I suspect I am in a minority (and were I a professional or on an assignment I expect it would be different again), but any views out there?

Dave


----------



## Replytoken (Jan 20, 2017)

davidedric said:


> Interested by this comment in another thread
> 
> *On our last safari in Kenya we had MacBooks except one guy who brought his company laptop, a Dell*.
> 
> ...


I agree.  Except for occasional chimping to make sure that things are fine, and a possible jpeg for an email to family and friends, I leave the processing/culling of my images for when I am home.  I like to be "present" when on holiday/vacation, but to each their own.

--Ken


----------



## clee01l (Jan 20, 2017)

I always take my laptop. At the end of the day, I import the days shoot and let Time Machine make a backup.
I review each image from the days shoot.  Because when I travel, I may never get a chance to visit this locale again and If I missed a shot, there is a chance I can make it up the next day.


----------



## Rob_Cullen (Jan 20, 2017)

On a safari or holiday abroad it would be brave to rely on camera cards storing images until you arrive home. (They have been known to become corrupt)
I like my laptop to travel. Each night I import the day's images to Lightroom, adding some data like location keywords, backup the files to an external drive (carried in the wife's luggage), then reformat cards in the camera ready for the next day.
"Editing" ? well that can be done at any time available- a quiet time in the evening, or when we are home.
And who can resist the occasional laptop 'chimp' to check if images are looking good? (Did I have the camera on manual focus? Are all my shots at 6400iso? Are those sensor dust spots a problem? Have I left the camera set for HDR multiples -1,0,+1. This one has caught me out )


----------



## Tony Jay (Jan 21, 2017)

It is an each-to-his-own scenario.

However, for what it is worth, I do edit while on safari (in the African use of the term).
The reasons are many, but I will enlarge upon a couple that may be pertinent to you Dave:

When shooting wildlife and birds I use particular combinations of ISO, shutter speed, and fill-flash to try and get the best possible image quality.
Obviously lighting changes and so does my camera technique (usually related to fatigue and distraction).
I want to know on an ongoing basis whether what I am doing is actually working!
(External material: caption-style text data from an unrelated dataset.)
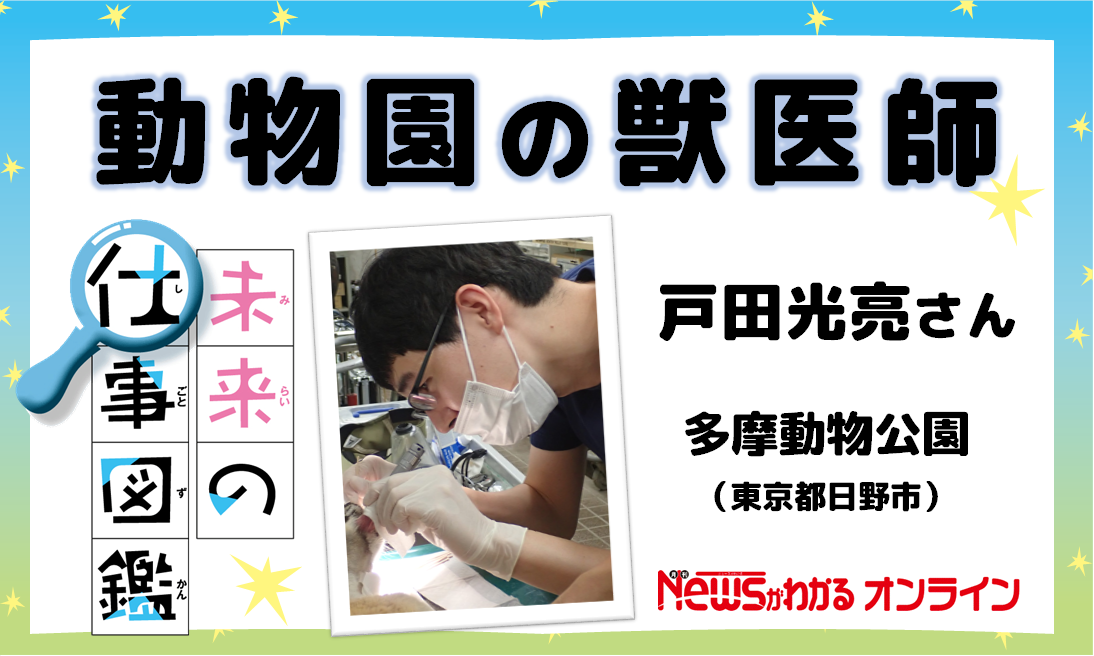 未来の仕事図鑑 多摩動物公園 東京都日野市 の獣医師 戸田光亮さん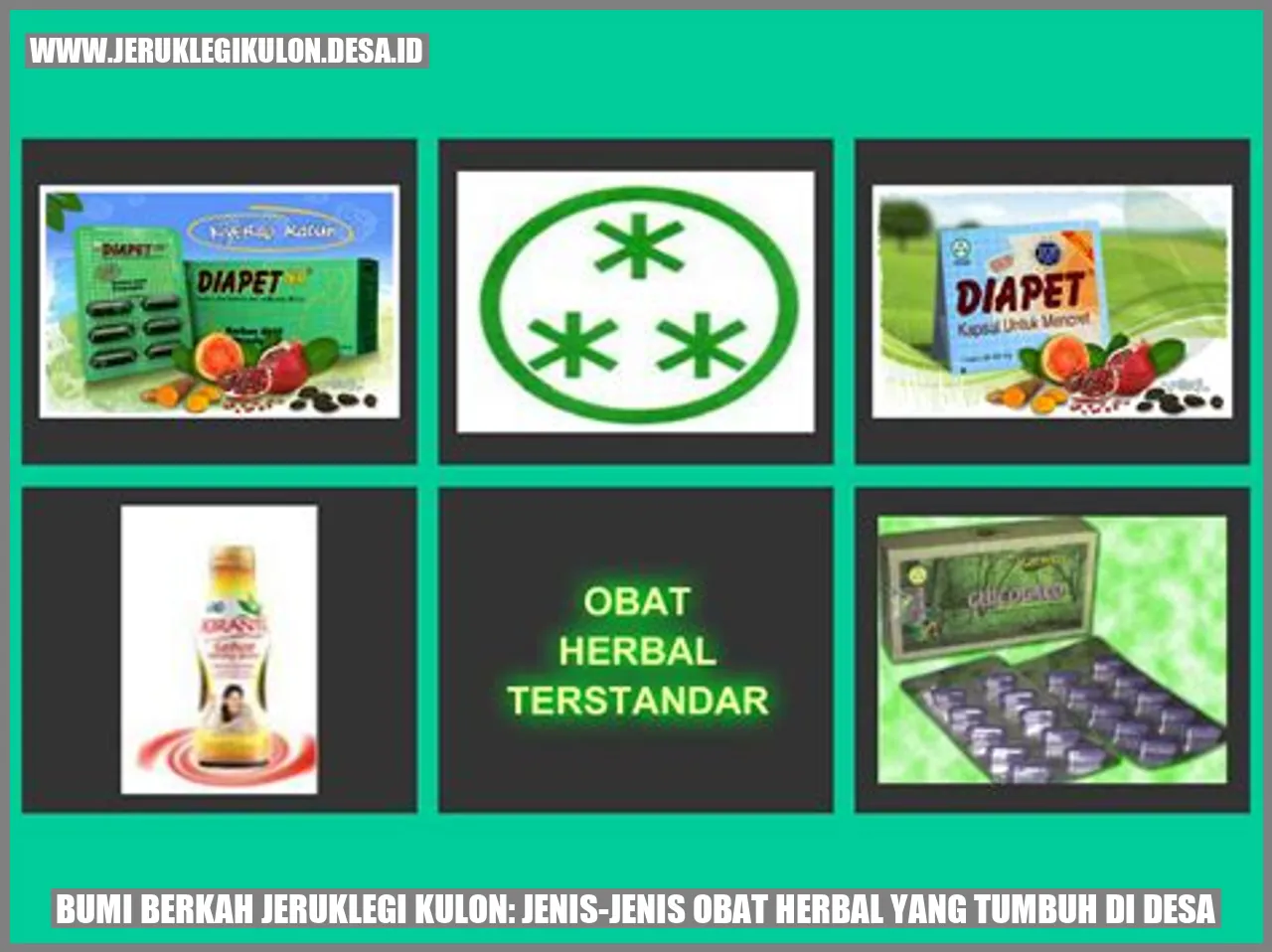 Bumi Berkah Jeruklegi Kulon: Jenis-jenis Obat Herbal yang Tumbuh di Desa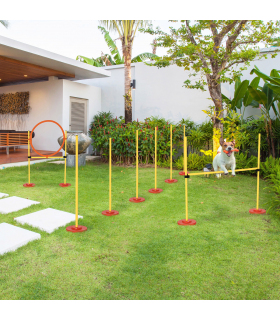 Dog agility training equipment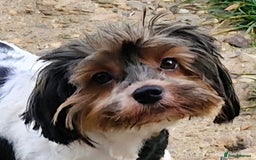 Yorkshire Terrier dogs for sale: Adult Yorkshire Terrier Biewer Girl - Image 3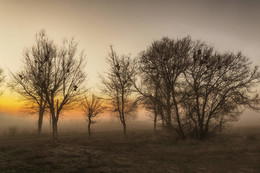 Morning / ***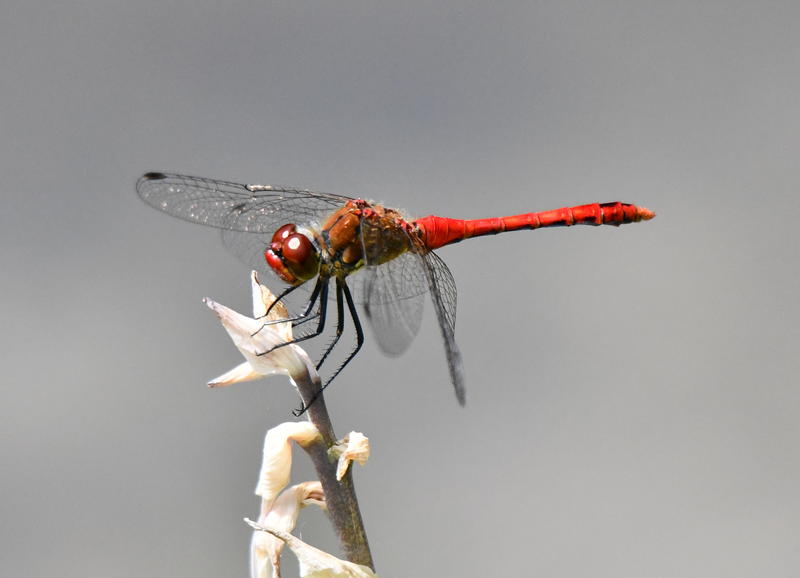 Insectes auxiliaires de nos jardins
I would not want to come home after 6-8 weeks in Africa (or wherever) and find problems with motion blur, noise, over-exuberant use of flash, even sensor dust, etc.
Those trips are very expensive (as you well know) and coming home with 15 000 useless images (the number I shot on my last trip - luckily relatively few useless ones) even if you are not a pro is at best rather deflating and at worst practically grounds for suicidal ideation.
At home I subsequently cull those images down to about 10-15% of the original number but without the quality assurance measures I reckon less than 1% would be usable.
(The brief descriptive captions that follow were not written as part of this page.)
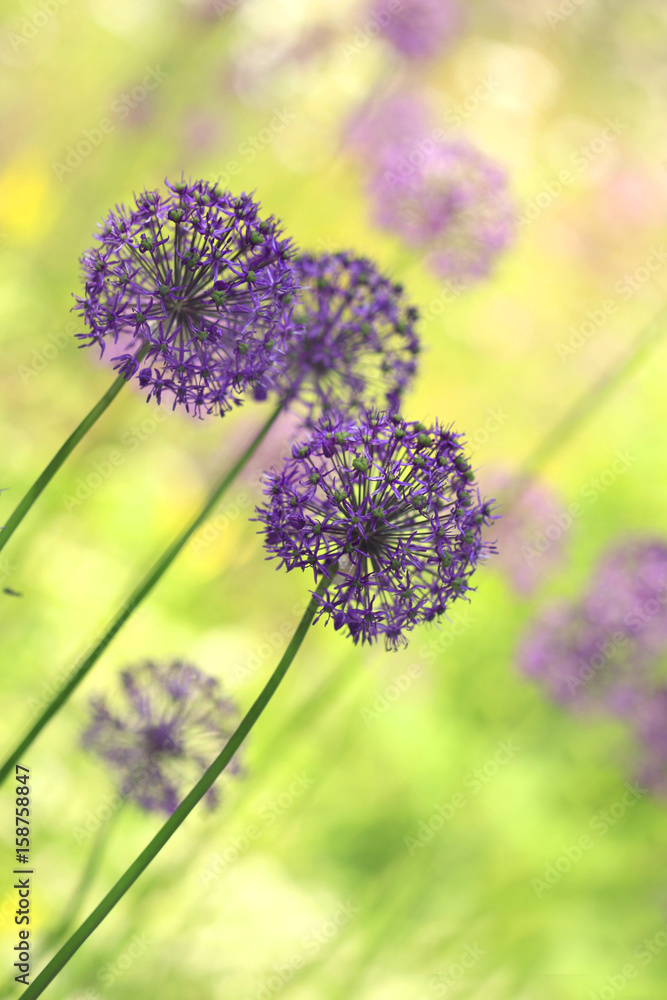 Obraz premium allium (wild garlic)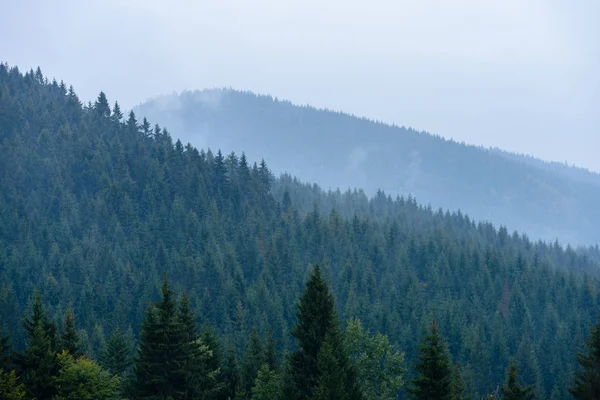 Nebel am Morgen in feuchter Bergregion in der slowakischen Tatra. autu — Stockfoto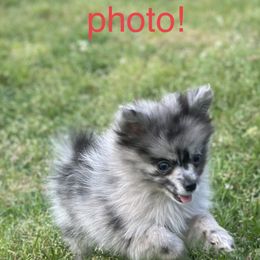 Chihuahua and Pomeranian Puppies from Cheyenne’s Pups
Another reason is creativity and learning. When I review my images soon after actually shooting them I can remember the circumstances of every shot. Weather, directional light, animal or bird behaviour etc. Some images just don't work and others just blow me away with their quality. However, some images that really work are the product of pure serendipidity - one shot in pure hope but managed to get a great result. Well, wouldn't it be great to review that image and ponder on the circumstances and then construct a strategy to try and take similar images on purpose on the very next game drive rather than as a random event. This is how one learns!

I will give one quick example that happened to me:
In 2006 I did my first photographic expedition - it happened to be across the whole of southern Africa and we were away for 10 weeks. Early on in the trip we were shooting in Hluhluwe-Umfolozi which is in South Africa. One afternoon we had an encounter with a bull elephant that necessitated our guide reversing smartly down a very bumpy dirt track on a fairly steep downhill section. I had a super-telephoto lens on my camera and I took several shots trying to record the action as the bull elephant followed us closely down this track. I can still remember the monopod bouncing inches into the air as I was trying to shoot. Predictably, nearly all the shots were hopelessly blurred (so much so that the subject was unidentifiable), apart from one perfectly sharp image that had captured the elephants eye, eyelashes, a small part of the trunk and the origin of one tusk and a small bit of lip. In addition, the late afternoon sun had created a perfectly sidelit image. The result was astonishing!
It was as if I could read this elephants very soul! I could gaze into his eye and he would gaze right back!
This wholly serendipitous shot, a complete fluke that should, by rights, have been as unidentifiably blurred as all the rest in fact taught me more about wildlife photography than any other I have ever taken. I decided that if it was possible to take an image like this, purely by accident, then it must also be possible to do it on purpose - and sad to say, that siren call to try and achieve that goal is as strong today as it was back then in 2006.
At the time I was a hugely inexperienced photographer - I had only picked up a digital SLR for the first time a week or two prior to departing on the trip, and my experience with slide film was also pretty limited - so, at the time, my desires well and truly outstripped my abilities. However, the hunger and desire stimulated by that one spectacular image drove a virtually addictive frame of mind to do anything and everything to try and get another really meaningful beautifully constructed wildlife image. As a result of that determination my photographic ability today is exponentially greater now compared to back then, yet I still get as excited as a five year old on Christmas morning when I can nail a great image.
And I still learn from practically every image I shoot!

Tony Jay


----------



## Ian.B (Jan 21, 2017)

I was a very much a wait until I got home to the screen/light I knew until watching my daughter edit her photos so quickly on her macbook thing at Xmas. Now I'm starting wonder a lot about old habits . My daughter used to be an editing supervisor with a school photography mob and pretty handy with the Oly and iphone
It all comes down to the finally use of the files and how fussy we are. I would certainly do some filing, rubbish deleting and flagging but likely no editing or very little editing past my basic preset


----------



## davidedric (Jan 21, 2017)

*Reply to Tony
*
Many thanks, Tony, for such an expansive answer (I thought it best not to quote it in full).  It's very compelling, but it's not me, so I had to sit down and think why.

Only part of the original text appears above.